Hello guys. I want to activate 'validation' button...
# troubleshoot
a
Hello guys. I want to activate 'validation' button which is closed at first when datahub quickstart runs. I was following guides for great_expectations. I've finished to install acryl-datahub[great-expectations]. However, I can't find the yaml file for great_expectations/checkpoint directory. What can I do to solve this? I attached the figure which captures my situation.
m
As the validation is specific to each dataset, you have to create 3 files: datasource, suite and checkpoint. • Datasource file: File in which you will have to specify all the information needed for GE to be able to connect to the table you want to make the validation tests for. • Suite file: File in which you will indicate all the tests to be done in the table of the source specified in the previous file. • Checkpoint File: It will be the file you will have to execute to be able to see the tests in datahub. In this file you will have to specify a few options which will make the connection to Datahub possible.
Copy code
action_list:
	- name: store_validation_result
		action:
			class_name: StoreValidationResultAction
	- name: store_evaluation_params
		action:
			class_name:StoreEvaluationParametersAction
	- name: update_data_docs
		action:	
			class_name: UpdateDataDocsAction
			site_names: []
	- name: datahub_action
		action:
			module_name: datahub.integrations.great_expectations.action
			class_name: DatahubValidationAction
			server_url: <http://datahub-gms:8080>
a
@microscopic-mechanic-13766 You mean, I should make three files in the checkpoint directory, right?
m
No, each file would be stored in a different directory.

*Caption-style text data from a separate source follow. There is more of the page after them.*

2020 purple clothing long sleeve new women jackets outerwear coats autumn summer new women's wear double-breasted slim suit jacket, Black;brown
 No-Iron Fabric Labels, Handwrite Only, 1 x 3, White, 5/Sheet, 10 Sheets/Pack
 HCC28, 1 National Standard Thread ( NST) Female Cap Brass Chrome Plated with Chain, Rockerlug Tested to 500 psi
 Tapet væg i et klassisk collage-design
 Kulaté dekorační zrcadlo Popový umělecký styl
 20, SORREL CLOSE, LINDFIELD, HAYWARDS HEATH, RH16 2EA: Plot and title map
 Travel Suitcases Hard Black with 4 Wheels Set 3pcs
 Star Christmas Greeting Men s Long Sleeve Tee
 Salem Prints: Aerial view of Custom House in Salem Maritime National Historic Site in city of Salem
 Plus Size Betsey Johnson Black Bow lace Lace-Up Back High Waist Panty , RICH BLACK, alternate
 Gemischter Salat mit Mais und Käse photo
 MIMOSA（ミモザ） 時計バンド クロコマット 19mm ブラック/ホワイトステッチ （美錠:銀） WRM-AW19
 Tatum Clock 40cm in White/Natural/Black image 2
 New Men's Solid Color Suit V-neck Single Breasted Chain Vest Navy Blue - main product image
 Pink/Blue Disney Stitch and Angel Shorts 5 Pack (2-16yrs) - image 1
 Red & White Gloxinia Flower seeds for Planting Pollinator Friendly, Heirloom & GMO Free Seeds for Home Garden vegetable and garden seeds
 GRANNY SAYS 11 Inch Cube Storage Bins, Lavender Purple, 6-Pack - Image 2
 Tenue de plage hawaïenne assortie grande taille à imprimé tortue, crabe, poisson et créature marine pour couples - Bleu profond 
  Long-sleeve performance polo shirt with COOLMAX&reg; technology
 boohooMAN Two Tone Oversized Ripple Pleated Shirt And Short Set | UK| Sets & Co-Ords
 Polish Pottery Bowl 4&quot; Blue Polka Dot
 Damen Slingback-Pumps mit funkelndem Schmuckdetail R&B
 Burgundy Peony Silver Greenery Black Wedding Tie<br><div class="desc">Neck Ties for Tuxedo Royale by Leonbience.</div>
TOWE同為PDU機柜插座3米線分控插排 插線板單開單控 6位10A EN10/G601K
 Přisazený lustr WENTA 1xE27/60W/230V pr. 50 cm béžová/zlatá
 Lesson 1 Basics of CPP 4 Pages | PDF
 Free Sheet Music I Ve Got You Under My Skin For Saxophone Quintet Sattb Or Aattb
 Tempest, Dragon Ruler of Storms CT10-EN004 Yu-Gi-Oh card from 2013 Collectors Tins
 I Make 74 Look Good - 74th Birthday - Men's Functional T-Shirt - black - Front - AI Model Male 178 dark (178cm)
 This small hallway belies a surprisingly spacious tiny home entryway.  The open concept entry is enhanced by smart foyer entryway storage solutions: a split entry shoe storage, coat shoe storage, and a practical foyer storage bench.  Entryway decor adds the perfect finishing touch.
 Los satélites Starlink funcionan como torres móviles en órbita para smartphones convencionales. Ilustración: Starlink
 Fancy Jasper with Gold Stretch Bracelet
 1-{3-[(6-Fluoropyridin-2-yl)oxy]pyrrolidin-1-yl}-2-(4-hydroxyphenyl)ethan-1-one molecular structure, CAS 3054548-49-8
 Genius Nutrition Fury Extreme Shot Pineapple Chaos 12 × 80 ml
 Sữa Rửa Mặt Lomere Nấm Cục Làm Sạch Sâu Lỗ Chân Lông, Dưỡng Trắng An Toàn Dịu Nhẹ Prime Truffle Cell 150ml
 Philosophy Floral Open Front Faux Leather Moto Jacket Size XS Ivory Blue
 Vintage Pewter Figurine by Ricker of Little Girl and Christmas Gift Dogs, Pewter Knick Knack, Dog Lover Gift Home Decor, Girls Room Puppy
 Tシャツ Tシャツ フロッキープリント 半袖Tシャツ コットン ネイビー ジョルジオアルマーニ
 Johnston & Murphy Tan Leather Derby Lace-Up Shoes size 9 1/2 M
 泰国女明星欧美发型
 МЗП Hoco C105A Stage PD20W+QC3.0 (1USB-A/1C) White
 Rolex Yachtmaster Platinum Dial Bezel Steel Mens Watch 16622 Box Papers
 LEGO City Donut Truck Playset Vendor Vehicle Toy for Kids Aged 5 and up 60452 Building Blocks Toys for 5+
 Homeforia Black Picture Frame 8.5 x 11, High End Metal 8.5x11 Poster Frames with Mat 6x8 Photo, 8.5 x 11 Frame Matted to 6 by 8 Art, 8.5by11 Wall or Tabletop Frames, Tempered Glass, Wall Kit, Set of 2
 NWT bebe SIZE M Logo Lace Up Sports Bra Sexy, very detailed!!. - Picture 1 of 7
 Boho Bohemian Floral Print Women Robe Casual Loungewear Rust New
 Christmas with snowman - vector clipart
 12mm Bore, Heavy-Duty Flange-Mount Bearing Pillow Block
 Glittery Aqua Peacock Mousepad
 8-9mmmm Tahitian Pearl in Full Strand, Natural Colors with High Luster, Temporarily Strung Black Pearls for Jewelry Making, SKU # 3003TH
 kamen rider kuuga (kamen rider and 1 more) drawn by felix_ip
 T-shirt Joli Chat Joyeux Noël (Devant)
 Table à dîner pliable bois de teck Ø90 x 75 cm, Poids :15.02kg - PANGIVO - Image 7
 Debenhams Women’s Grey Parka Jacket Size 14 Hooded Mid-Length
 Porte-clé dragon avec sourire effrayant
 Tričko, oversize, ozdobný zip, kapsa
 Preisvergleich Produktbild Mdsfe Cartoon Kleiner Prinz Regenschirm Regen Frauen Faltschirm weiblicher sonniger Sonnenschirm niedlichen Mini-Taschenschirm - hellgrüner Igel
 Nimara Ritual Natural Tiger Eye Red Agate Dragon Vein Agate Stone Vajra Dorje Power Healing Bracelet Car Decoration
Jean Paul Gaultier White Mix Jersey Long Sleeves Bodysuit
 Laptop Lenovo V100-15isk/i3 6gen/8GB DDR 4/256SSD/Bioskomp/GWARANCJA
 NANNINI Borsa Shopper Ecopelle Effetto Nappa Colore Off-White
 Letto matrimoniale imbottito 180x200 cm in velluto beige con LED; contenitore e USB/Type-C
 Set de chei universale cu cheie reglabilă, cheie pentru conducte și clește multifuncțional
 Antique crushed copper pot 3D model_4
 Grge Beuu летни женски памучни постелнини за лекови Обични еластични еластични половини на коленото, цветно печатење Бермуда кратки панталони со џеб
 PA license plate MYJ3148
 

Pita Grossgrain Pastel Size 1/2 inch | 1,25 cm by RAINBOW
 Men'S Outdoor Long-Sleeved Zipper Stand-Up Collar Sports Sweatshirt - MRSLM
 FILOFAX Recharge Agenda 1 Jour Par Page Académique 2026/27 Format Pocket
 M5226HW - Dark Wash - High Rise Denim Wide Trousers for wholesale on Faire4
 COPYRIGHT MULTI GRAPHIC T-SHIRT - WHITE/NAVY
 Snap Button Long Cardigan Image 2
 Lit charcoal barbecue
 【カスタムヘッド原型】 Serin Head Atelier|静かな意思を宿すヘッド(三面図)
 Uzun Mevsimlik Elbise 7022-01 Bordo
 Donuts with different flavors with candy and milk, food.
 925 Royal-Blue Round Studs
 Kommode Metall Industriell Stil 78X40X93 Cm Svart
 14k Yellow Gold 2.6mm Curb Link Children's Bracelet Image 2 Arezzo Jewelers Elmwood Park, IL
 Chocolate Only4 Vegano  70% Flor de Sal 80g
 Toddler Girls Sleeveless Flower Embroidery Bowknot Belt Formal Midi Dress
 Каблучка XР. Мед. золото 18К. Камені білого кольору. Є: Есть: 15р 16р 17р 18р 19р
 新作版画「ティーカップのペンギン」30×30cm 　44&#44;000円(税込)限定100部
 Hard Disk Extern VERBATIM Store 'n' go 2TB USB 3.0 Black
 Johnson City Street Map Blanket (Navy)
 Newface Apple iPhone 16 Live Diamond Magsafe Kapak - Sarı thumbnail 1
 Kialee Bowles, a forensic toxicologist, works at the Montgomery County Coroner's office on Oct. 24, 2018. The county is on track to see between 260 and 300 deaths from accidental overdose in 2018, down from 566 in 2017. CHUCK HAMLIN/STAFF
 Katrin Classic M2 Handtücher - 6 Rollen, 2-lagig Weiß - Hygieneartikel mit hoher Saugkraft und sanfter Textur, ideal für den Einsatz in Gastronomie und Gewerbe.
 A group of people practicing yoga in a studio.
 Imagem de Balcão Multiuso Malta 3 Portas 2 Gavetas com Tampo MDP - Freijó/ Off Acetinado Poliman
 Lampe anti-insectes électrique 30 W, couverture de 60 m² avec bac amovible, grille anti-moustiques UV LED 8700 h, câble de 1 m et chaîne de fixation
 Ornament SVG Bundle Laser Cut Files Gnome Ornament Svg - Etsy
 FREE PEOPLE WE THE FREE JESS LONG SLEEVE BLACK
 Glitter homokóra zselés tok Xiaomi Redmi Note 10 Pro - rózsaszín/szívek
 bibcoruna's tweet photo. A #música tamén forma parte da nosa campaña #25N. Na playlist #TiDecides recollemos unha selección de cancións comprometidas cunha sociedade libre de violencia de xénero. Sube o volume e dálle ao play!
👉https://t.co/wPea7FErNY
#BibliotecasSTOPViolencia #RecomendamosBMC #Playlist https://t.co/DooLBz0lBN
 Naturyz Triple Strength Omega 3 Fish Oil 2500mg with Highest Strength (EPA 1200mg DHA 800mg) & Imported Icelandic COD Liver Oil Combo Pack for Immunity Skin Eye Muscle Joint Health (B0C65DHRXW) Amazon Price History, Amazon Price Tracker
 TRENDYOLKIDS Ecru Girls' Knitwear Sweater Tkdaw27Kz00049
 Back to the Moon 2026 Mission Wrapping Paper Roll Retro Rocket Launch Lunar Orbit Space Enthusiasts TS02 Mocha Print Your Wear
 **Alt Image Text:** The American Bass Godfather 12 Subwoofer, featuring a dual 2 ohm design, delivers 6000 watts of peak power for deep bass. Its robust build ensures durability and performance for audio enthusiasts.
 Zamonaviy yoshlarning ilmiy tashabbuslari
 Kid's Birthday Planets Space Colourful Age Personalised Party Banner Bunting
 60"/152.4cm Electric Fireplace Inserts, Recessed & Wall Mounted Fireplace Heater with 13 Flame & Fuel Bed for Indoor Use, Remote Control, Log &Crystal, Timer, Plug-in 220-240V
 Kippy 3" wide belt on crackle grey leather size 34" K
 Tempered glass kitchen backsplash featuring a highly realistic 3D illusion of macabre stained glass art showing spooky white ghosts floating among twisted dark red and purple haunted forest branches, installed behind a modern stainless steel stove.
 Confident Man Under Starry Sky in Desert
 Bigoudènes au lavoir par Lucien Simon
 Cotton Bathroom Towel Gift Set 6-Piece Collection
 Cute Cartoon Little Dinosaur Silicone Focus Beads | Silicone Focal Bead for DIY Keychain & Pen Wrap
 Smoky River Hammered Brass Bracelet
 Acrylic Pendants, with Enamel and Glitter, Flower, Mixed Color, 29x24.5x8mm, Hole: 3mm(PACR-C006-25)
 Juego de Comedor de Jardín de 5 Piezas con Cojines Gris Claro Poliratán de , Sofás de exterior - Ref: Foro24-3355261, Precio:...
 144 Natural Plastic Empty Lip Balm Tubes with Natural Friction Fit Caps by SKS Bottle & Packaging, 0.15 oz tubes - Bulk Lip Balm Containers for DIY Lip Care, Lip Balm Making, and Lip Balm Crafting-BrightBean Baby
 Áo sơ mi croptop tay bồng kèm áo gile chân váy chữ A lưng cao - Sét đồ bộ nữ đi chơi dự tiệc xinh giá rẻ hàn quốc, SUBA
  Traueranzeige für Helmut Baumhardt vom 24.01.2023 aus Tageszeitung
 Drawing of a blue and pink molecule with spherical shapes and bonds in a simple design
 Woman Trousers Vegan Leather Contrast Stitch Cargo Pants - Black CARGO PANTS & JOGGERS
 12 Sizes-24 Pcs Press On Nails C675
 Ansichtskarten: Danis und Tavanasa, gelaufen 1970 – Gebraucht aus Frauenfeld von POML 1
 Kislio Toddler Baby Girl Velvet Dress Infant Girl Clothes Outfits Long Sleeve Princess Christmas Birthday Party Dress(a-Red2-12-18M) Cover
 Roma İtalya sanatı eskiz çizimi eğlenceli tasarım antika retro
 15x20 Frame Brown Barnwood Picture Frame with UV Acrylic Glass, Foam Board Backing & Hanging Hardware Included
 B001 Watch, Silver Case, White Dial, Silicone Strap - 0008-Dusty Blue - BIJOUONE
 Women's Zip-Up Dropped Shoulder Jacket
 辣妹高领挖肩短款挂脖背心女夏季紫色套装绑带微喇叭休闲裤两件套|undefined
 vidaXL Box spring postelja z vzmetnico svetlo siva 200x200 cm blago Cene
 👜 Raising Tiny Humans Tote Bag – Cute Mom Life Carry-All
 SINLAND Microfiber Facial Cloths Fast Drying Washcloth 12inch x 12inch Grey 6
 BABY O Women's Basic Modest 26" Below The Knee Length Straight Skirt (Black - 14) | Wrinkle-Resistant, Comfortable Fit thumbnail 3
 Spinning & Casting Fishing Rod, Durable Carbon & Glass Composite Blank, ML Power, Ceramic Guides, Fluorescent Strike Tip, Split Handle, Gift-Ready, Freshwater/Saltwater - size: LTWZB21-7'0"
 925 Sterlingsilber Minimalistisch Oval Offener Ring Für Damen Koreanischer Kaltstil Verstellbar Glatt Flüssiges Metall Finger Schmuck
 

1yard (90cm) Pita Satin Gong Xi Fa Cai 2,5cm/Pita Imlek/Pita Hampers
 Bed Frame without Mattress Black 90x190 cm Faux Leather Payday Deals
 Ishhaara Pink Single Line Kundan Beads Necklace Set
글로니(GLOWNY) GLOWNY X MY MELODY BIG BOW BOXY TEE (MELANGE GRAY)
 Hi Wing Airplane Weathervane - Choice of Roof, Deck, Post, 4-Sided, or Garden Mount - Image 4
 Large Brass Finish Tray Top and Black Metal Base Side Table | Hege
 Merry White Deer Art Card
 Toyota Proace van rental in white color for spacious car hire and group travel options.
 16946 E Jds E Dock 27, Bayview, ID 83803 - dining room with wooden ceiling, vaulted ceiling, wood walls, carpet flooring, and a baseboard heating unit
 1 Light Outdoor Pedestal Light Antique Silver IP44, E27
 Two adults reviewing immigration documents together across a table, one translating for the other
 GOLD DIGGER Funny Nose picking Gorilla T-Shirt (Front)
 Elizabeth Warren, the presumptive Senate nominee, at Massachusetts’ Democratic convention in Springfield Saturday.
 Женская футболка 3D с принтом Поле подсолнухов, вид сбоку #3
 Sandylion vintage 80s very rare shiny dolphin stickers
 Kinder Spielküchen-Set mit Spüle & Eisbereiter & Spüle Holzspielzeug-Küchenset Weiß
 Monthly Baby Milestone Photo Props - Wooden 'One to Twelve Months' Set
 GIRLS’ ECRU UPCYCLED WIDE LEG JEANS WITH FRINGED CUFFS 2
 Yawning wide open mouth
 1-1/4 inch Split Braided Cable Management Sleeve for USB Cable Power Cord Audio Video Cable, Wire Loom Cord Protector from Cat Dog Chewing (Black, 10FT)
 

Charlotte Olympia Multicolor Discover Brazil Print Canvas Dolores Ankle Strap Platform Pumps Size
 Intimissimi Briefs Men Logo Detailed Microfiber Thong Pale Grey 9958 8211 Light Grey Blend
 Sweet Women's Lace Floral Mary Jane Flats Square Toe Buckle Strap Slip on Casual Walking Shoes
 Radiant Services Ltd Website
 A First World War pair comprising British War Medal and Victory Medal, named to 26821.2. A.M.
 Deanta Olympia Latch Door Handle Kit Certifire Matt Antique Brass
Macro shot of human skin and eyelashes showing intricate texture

To be able to "enable" the validation tab you have to create the 3 files mentioned above, not just the checkpoint (as the checkpoint file just takes info from the other 2 files)
a
@microscopic-mechanic-13766 After receiving your answer, I've figured out that 'great_expectations init' command makes the essentials automatically. As you instructed, I made my own 'suite.json' , 'checkpoint.yaml' file and added information about datasource to 'great_expectation.yml' . But the problem is : json file about suite causes 'unknown field' error. The format of dictionary is identical to that of test_suite.json which is located in the datahub github. I'm now trying to solve this.... Have you ever encountered this kind of error when you tried to do this? For your information, I attached two figures. First one is about my suite.json file and the second is about error msg. 'id' is the column name of my private databse I connected.
m
great_expectations init
as far as I know just creates the needed directory structure for Great Expectations to work correctly. Creating the suite of expectations can sometimes be a nightmare. As I guess you are not very familiar with it (as it is also my case), I would recommend to follow this steps: •
great_expectations suite new --no-jupyter
• Select option
3- Automatically, using a profiler
• Indicate file name •
jupyter notebook /great_expectations/uncommitted/edit_<file_name> --allow-root --ip 0.0.0.0
I would also recommend you to create the files via jupyter notebook, as it gives out more info, is easier,... (The last command would be to be able to access jupyter in your browser and to use Jupyter's UI to create mentioned files)